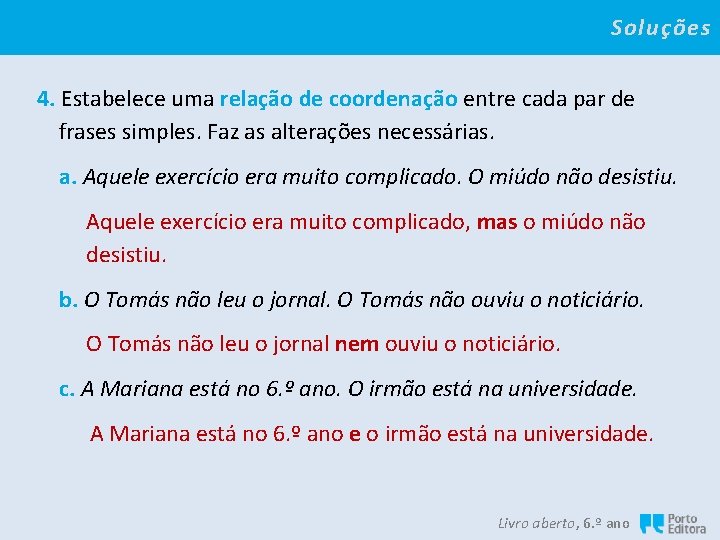 Soluções 4. Estabelece uma relação de coordenação entre cada par de frases simples. Faz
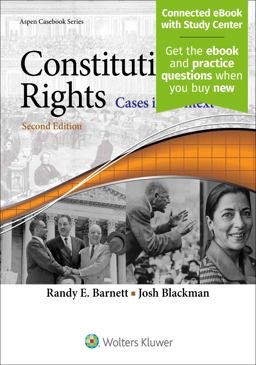 Constitutional Rights Cases in Context 2nd 9781454892908 Front Cover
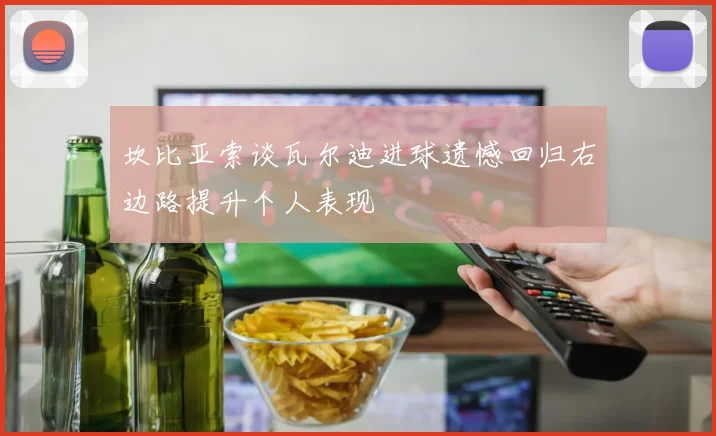 坎比亚索谈瓦尔迪进球遗憾回归右边路提升个人表现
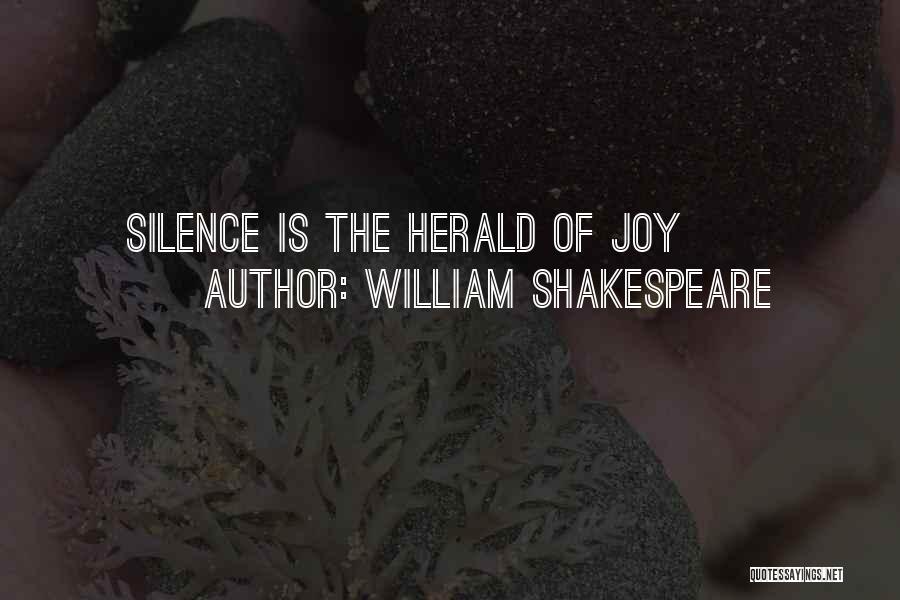 William Shakespeare Quotes: Silence Is The Herald Of Joy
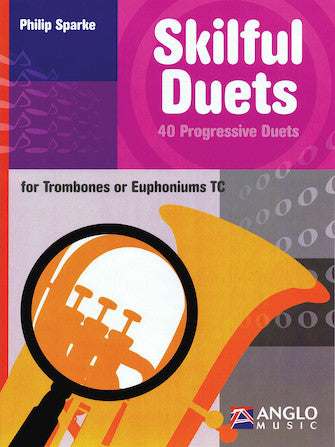 Skilful Duets for Trombone or Euphonium CLEARANCE SHEET MUSIC / FINAL SALE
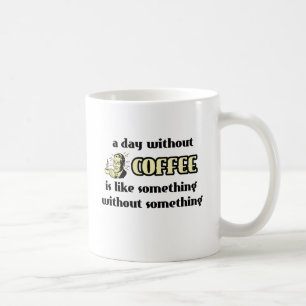 Tag ohne Kaffee-lustigen Tassen-Spaß Kaffeetasse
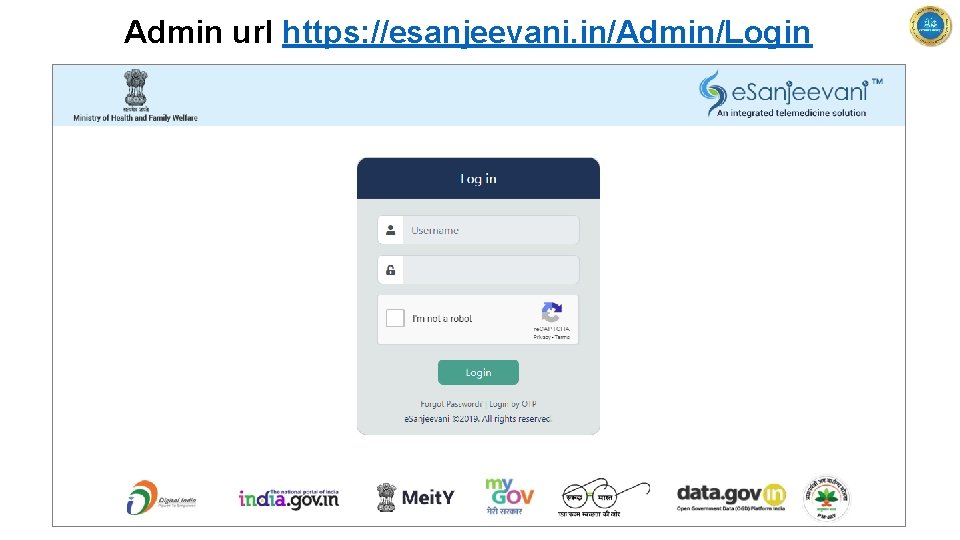 Admin url https: //esanjeevani. in/Admin/Login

━━━━━━━━━━━━━━━━━━━━━━━━━━━━━━

# YOUR INSTRUCTIONS:
Working from the line with "William Shakespeare Quotes: Silence" to the last line of the material above, repeat each line exactly and leave out the pictures.

# FINAL ANSWER:
 William Shakespeare Quotes: Silence Is The Herald Of Joy
 Skilful Duets for Trombone or Euphonium CLEARANCE SHEET MUSIC / FINAL SALE
 Tag ohne Kaffee-lustigen Tassen-Spaß Kaffeetasse
 Admin url https: //esanjeevani. in/Admin/Login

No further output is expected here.